# [TASK]
Could the lines from the start of the data through the line with "Kaijū-san - Das Monster greift an!" be set down exactly, with no pictures among them?

======== RECORD EXTRACTS ========

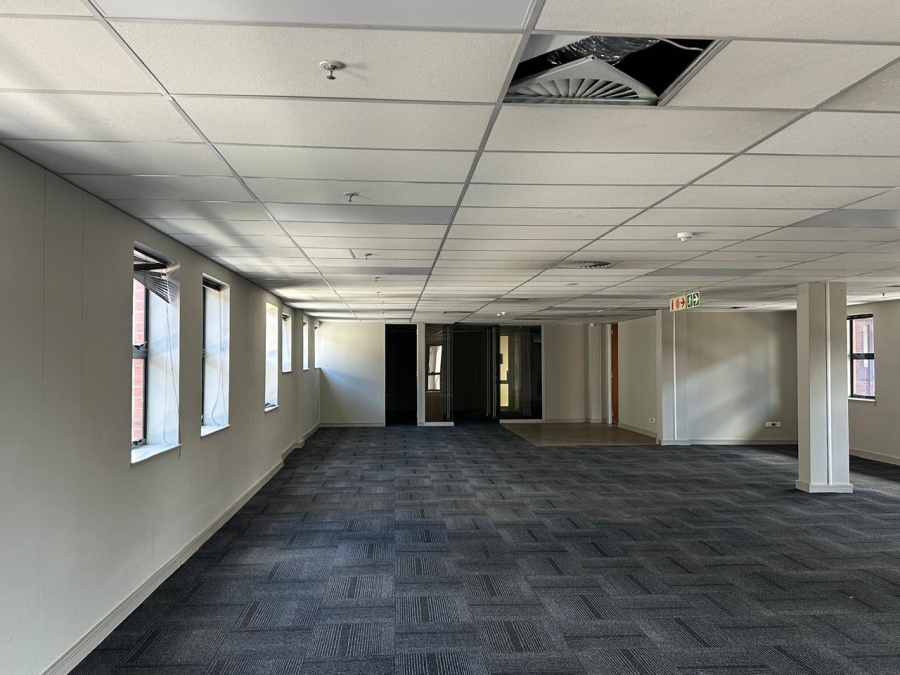 To Let commercial Property for Rent in Waverley Gauteng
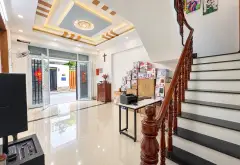 Nhà 4 tầng ngã ba Đông Quang... Bán nhà riêng tại Tân Thới Hiệp, Hồ Chí Minh 04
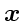 \bgroup\color{DEFcolor}$\ensuremath{\mathchoice{\mbox{\boldmath$\displaystyle x$...
...ox{\boldmath$\scriptstyle x$}}
{\mbox{\boldmath$\scriptscriptstyle x$}}}$\egroup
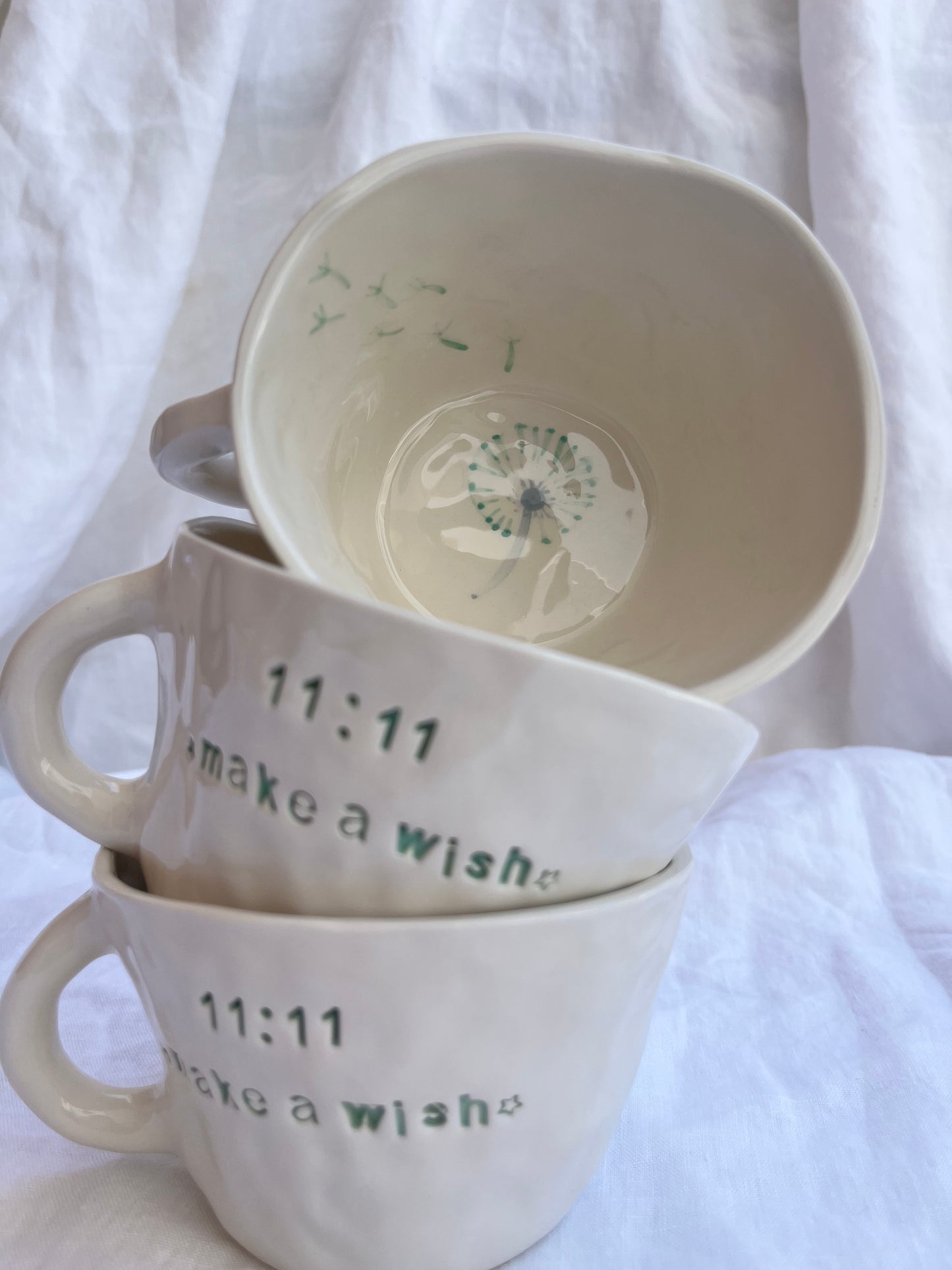 Mug “11:11 - Make a Wish”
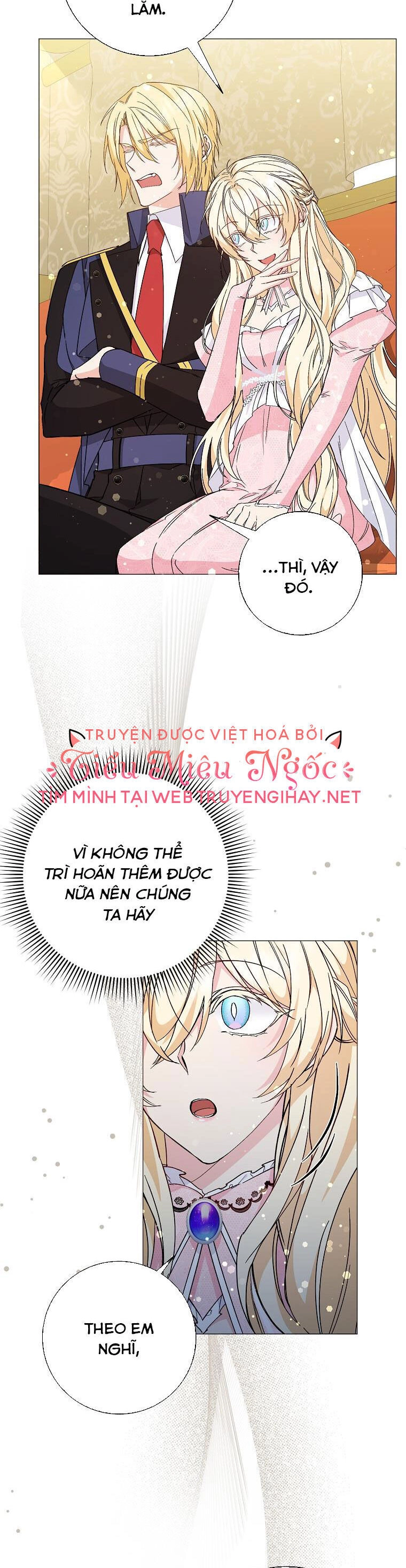 Anh Chỉ Là Đồ Bỏ Đi Của Tôi Mà Thôi Chapter 28 - 16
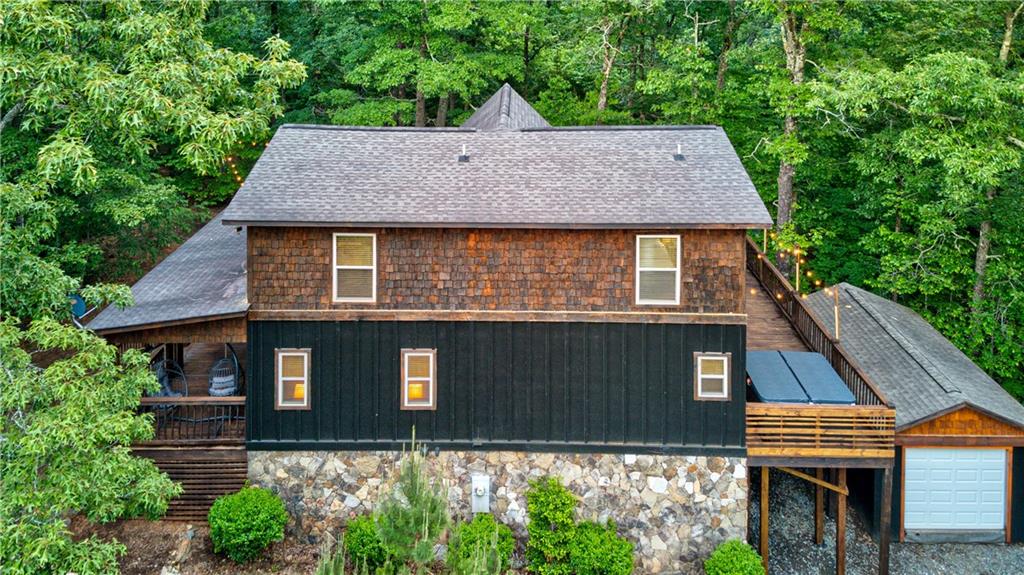 774 Kelly Ridge Drive Blue Ridge, GA 30513 - Photo 93 of 99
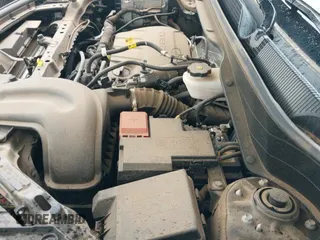 2024 Buick Encore GX Preferred with VIN KL4AMBS23RB004395, listed as a IAAI auction lot 42592466 with 9,206 mi miles and . Bid and sale history available at DreamBid. Image 19.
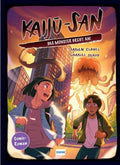Kaijū-san - Das Monster greift an!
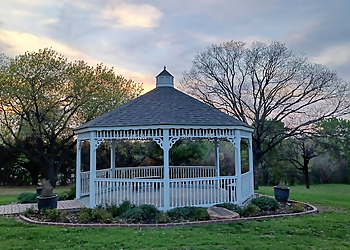 Carrollton Landmarks A.W. Perry Homestead Museum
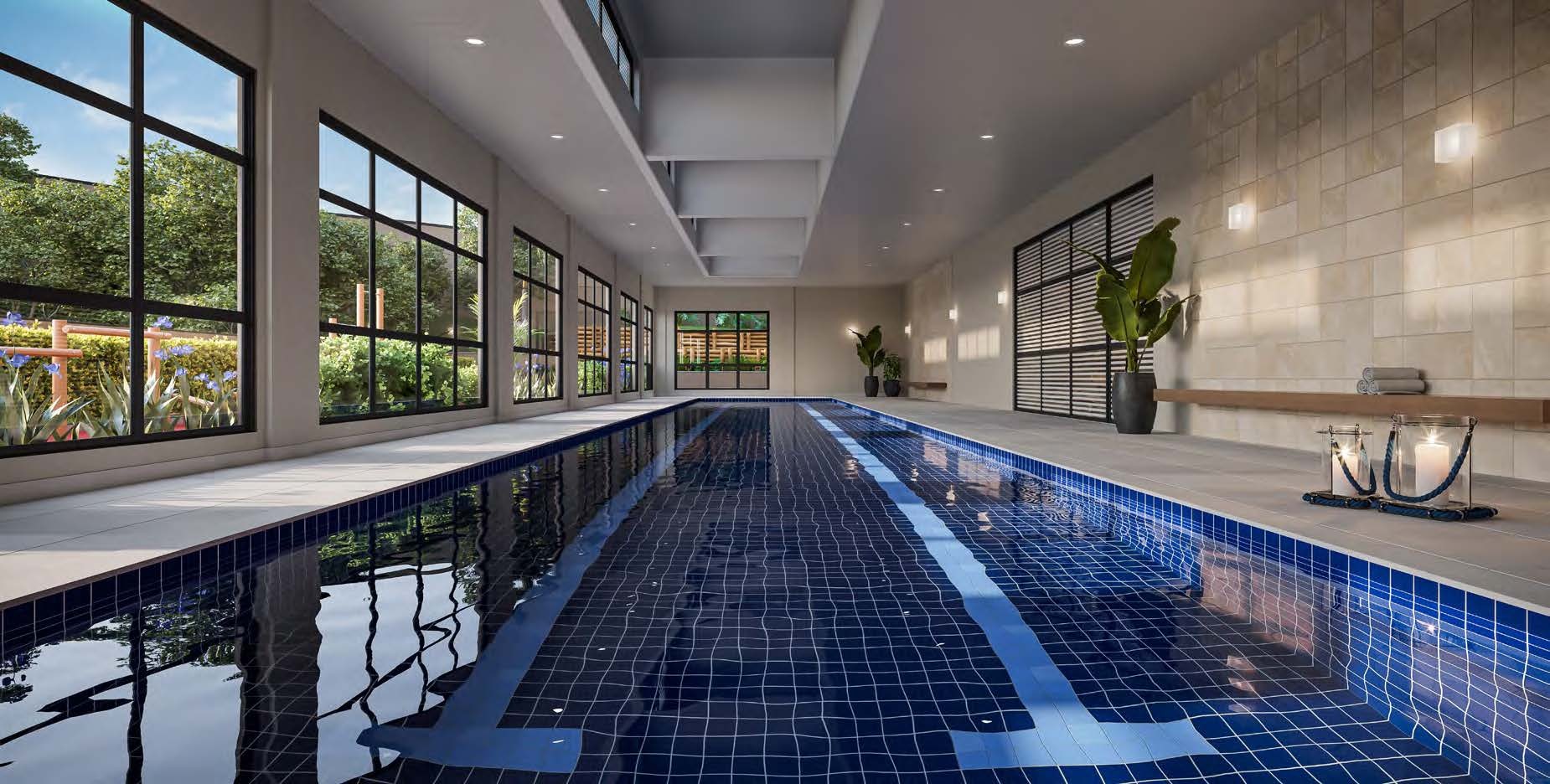 Morumbi Home Resort em Morumbi, São Paulo – foto 9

========

# [EXERCISE RESPONSE]
 To Let commercial Property for Rent in Waverley Gauteng
 Nhà 4 tầng ngã ba Đông Quang... Bán nhà riêng tại Tân Thới Hiệp, Hồ Chí Minh 04
 \bgroup\color{DEFcolor}$\ensuremath{\mathchoice{\mbox{\boldmath$\displaystyle x$...
...ox{\boldmath$\scriptstyle x$}}
{\mbox{\boldmath$\scriptscriptstyle x$}}}$\egroup
 Mug “11:11 - Make a Wish”
 Anh Chỉ Là Đồ Bỏ Đi Của Tôi Mà Thôi Chapter 28 - 16
 774 Kelly Ridge Drive Blue Ridge, GA 30513 - Photo 93 of 99
 2024 Buick Encore GX Preferred with VIN KL4AMBS23RB004395, listed as a IAAI auction lot 42592466 with 9,206 mi miles and . Bid and sale history available at DreamBid. Image 19.
Kaijū-san - Das Monster greift an!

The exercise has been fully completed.